Copy out the records that follow, leaving every character as it is.

====== Material shown ======

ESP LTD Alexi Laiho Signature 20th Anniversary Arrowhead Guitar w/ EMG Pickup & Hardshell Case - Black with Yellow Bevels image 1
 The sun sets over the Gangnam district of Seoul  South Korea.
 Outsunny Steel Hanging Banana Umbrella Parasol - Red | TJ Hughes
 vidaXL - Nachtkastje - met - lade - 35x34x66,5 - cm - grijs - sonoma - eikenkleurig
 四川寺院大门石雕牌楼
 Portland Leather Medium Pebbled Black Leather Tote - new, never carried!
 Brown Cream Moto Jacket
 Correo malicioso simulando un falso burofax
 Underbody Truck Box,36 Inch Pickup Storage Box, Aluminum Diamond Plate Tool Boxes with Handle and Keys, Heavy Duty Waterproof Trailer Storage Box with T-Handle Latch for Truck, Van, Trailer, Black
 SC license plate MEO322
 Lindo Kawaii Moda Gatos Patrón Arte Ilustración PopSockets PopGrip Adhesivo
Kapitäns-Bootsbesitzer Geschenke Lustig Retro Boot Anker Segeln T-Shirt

======

*Task response*.
ESP LTD Alexi Laiho Signature 20th Anniversary Arrowhead Guitar w/ EMG Pickup & Hardshell Case - Black with Yellow Bevels image 1
 The sun sets over the Gangnam district of Seoul  South Korea.
 Outsunny Steel Hanging Banana Umbrella Parasol - Red | TJ Hughes
 vidaXL - Nachtkastje - met - lade - 35x34x66,5 - cm - grijs - sonoma - eikenkleurig
 四川寺院大门石雕牌楼
 Portland Leather Medium Pebbled Black Leather Tote - new, never carried!
 Brown Cream Moto Jacket
 Correo malicioso simulando un falso burofax
 Underbody Truck Box,36 Inch Pickup Storage Box, Aluminum Diamond Plate Tool Boxes with Handle and Keys, Heavy Duty Waterproof Trailer Storage Box with T-Handle Latch for Truck, Van, Trailer, Black
 SC license plate MEO322
 Lindo Kawaii Moda Gatos Patrón Arte Ilustración PopSockets PopGrip Adhesivo
Kapitäns-Bootsbesitzer Geschenke Lustig Retro Boot Anker Segeln T-Shirt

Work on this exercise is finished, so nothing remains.